Both sides agree that most of the official comments on the case and its presumed outcome have been made in reference to the best-known defendant, Khalid Sheikh Mohammed, the alleged 9/11 mastermind.
His military defense counsel, Marine Maj. Derek Poteet, contended that too many “plainly inappropriate and reckless” comments have piled up – the bell cannot be “un-rung.” Poteet told Pohl that this case will be looked to for decades for “what is acceptable in military justice.”
Ultimately, the case will be decided by a panel of 12 military officers selected from a larger pool. Swann said that the impact of comments by public officials could be dealt with in voir dire.
James Harrington, the lead lawyer for Ramzi bin al Shibh, was not planning to add his own oral arguments to the record on Friday, as all defense lawyers have joined the unlawful influence motion. But he came to the podium to discuss Swann’s statement that defense attorneys had “no proof” that any government entity engaged in improper surveillance.
“How would we have proof of that?” Harrington said; one of the agencies would have to admit it.
Parts of the hearings in October dealt with a now-closed FBI investigation into Harrington's legal team. Pohl ruled then that the probe did not create a conflict, but he ordered the Justice Department to turn over discovery on what had transpired.
Harrington told Pohl on Friday that he has, in fact, been receiving discovery on the FBI investigation into his team that details a clear “invasion” into the defense counsel. He said that issue will “roar” back into the case in the months ahead.
Ruiz added that he was trained in the law but not in counter-surveillance operations.
“I have no intelligence background to ‘out’ the people who are monitoring me,” he said.
Ruiz asked Pohl to use all his “power and authority” to take steps to "purge" the taint associated with the case, though he doubted it was possible at this point.
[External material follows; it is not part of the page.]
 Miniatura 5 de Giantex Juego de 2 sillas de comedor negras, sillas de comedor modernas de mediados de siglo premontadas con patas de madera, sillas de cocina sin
The judge did not rule on the unlawful influence motion Friday.
Toward day's end, James Connell, the lead attorney for Ammar al Baluchi, moved forward with his argument on the defense's motion to compel discovery on communications between the White House, the Justice Department and the CIA on the CIA’s Rendition, Detention and Interrogation (RDI) Program.
Doing so, he said, would move the case into its “second phase.” Connell said the information was critical to understanding a complex “loop” of communications behind decisions for the RDI program. The information is relevant for mitigation purposes and also to the admissibility of statements made by defendants to interrogators after arriving at Guantanamo Bay, he explained to the court.
But the chief prosecutor, Army Brig. Gen. Mark Martins, said that a better way forward was a “consolidated” approach on all pending CIA-related discovery. Connell characterized the government’s approach to discovery as “delay, deny and degrade,” which Martins said was not accurate. Martins says his team works on discovery seven days a week.
“We know [our discovery obligations] and are going to turn over a lot of stuff,” Martins said.
Pohl sided with Martins, giving him two weeks to file a pleading with the full list of the contested discovery issues. The judge then asked the government when the entire discovery process would be completed. Prosecutor Clay Trivett gave him a date of Sept. 30, 2016.
In a press conference after the hearing, defense lawyers estimated that a trial was at least five years away. Martins did not agree but declined to estimate when a trial could start.